Julia : Écrire était un rêve d’enfant. Au lycée, c’était un peu compliqué parce que j’étais hyper-mauvaise en orthographe. Les chansons étaient donc ma meilleure solution pour échapper à cela. C’est parfait, ce terme de poésie, car c’est complètement daté. Il n’y a aucun avenir pour les poètes aujourd’hui.
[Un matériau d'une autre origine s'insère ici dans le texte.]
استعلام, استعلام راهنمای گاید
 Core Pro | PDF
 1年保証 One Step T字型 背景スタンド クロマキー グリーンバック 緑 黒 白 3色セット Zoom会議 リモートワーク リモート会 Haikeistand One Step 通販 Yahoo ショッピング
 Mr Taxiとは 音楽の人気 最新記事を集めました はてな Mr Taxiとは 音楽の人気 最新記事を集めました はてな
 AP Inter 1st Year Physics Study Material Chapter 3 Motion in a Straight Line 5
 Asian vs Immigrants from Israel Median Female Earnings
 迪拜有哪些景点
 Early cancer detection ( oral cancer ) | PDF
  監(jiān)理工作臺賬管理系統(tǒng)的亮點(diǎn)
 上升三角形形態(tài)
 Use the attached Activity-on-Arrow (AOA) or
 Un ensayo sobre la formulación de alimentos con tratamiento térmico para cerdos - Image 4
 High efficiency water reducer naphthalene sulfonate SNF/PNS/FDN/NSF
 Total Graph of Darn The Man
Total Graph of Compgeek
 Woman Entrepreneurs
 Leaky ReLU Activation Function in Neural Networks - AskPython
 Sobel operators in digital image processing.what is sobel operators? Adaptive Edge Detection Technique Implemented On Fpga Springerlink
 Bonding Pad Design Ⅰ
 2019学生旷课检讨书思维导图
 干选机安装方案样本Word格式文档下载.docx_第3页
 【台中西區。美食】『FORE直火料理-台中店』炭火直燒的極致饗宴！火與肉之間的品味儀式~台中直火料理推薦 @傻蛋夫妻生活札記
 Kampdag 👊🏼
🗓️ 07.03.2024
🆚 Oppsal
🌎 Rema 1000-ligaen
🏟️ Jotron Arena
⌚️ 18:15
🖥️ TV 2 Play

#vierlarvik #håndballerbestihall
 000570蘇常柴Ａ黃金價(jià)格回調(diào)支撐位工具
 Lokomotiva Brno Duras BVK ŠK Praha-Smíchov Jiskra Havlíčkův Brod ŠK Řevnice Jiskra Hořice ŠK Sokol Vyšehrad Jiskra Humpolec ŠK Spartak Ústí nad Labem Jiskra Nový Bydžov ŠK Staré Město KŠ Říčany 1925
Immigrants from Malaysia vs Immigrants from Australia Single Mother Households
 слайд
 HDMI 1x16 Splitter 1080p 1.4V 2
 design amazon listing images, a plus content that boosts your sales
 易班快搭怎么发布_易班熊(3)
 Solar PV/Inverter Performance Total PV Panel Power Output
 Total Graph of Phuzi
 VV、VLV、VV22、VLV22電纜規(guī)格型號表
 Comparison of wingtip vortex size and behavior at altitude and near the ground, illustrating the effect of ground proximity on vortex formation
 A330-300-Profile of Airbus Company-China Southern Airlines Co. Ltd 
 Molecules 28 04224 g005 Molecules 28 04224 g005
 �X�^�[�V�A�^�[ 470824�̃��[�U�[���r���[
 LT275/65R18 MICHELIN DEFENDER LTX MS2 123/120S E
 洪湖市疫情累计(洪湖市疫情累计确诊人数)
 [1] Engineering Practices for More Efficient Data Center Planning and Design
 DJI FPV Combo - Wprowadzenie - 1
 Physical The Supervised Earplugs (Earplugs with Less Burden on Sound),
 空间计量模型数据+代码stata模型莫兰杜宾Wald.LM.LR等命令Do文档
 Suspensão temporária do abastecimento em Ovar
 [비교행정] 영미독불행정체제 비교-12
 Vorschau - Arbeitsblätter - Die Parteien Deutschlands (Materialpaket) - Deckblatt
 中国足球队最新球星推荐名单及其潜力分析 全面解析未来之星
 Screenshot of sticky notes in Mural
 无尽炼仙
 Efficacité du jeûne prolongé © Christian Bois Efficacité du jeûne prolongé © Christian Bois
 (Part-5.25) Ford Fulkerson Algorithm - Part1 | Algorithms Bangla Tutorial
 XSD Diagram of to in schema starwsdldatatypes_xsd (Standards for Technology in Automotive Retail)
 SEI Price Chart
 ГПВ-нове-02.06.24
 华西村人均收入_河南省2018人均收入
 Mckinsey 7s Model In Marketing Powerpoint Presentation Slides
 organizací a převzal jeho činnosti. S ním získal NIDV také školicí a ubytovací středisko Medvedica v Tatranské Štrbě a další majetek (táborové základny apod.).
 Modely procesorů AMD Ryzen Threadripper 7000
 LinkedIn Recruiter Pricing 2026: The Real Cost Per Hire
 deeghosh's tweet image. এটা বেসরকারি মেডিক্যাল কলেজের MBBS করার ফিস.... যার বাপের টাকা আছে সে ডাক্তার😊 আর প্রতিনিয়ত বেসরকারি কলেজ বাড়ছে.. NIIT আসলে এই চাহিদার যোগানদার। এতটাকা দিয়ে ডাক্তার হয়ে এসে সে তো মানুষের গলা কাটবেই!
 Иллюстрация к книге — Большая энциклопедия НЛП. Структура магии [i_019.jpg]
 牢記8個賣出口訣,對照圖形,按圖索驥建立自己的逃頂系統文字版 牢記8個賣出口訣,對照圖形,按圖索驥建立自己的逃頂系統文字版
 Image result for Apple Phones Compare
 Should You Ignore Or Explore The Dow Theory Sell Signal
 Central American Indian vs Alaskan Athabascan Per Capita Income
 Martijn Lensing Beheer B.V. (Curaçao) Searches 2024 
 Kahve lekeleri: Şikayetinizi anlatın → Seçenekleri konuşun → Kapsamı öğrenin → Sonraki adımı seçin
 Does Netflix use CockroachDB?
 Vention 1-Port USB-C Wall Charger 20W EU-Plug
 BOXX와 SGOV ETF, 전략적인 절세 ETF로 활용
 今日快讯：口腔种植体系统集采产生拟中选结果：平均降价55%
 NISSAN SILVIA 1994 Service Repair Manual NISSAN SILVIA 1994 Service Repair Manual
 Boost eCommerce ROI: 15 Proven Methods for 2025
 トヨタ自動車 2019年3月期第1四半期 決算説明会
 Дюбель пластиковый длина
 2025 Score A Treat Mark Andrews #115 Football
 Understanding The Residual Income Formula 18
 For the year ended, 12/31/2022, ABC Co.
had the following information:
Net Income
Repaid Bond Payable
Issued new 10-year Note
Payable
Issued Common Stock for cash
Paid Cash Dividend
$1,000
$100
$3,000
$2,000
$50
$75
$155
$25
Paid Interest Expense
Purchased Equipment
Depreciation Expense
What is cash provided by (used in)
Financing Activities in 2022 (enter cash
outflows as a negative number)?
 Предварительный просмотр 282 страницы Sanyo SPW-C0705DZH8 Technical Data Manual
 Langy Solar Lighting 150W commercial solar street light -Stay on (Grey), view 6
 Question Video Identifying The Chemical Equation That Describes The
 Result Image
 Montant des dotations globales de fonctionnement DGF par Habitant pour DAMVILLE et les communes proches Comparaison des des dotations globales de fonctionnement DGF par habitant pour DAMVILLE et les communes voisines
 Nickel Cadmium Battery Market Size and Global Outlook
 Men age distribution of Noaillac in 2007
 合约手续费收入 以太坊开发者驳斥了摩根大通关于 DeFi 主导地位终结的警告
On sait bien qu’on n’est pas du tout entendu.

Il n’y pas d’avenir pour vous non plus ?

Julia : Non ! Voilà, exactement ! Et ça nous va bien !

Dans ce disque, vous faîtes cohabiter Victor Hugo et votre appétence pour la culture biblique ou latine avec des histoires de fonds d’écran. Ça vous semble cohérent ?

Carla : J’adore ce second degré chez Julia. Tu peux à la fois aimer Hugo et être pleine d’ironie.
Julia : Oui, c’est vrai que c’est assez anachronique…
Carla : Mais c’est aussi ce qu’on fait dans la musique : creuser les écarts.
Julia : On mêle le violon à des sons plus violents, plus bruts. Des sons tantôt baroques et tantôt gaveurs. Creuser les extrêmes, c’est intéressant.
Carla : On a toujours aimé les décalages, les contrastes.

Cet été est sorti votre single Bleu Lagon… (Julia et Carla éclatent de rire à cause du terme «single»). Pardon d’utiliser un terme formaté de l’industrie musicale, mais ce titre avait tout d’un single, d’un tube. Il ne vous ressemble pas, d’ailleurs. C’est un leurre. Car en dehors de ce «single» vous n’êtes absolument pas dansantes. Mansfield.TYA, vous boudez les dancefloors !

Julia : Nos morceaux ne décollent jamais. Ça ne marche pas.
Carla : Peut-être qu’on aimerait bien ?
Julia : Oui, mais on n’y arrive pas !

Il faut dire que le violon de Carla rend vos morceaux moins easy listening, il les «détube»…

Carla : Oui, j’arrive avec mes gros sabots et mon violon et je détube tout !
Julia : En fait, je me sens en analyse, là. Et je crois que ça fait dix ans que je crée des tubes… Et toi, Carla, tu saccages tout ! Non, plaisanterie mise à part, je trouve ça plutôt intéressant de proposer autre chose que des tubes dansants.

C’est assez paradoxal, car la fête et la danse sont souvent les sujets de vos chansons…

Julia : Sur un morceau comme Des coups des cœurs, j’adore chanter «emmène-moi danser» sur une musique qui est tout sauf dansante. Personne ne bouge et la musique n’entraîne personne.

La nuit est aussi un sujet récurrent de vos chansons, une obsession peut-être, même ? Que se passe-t-il la nuit chez Mansfield.TYA ?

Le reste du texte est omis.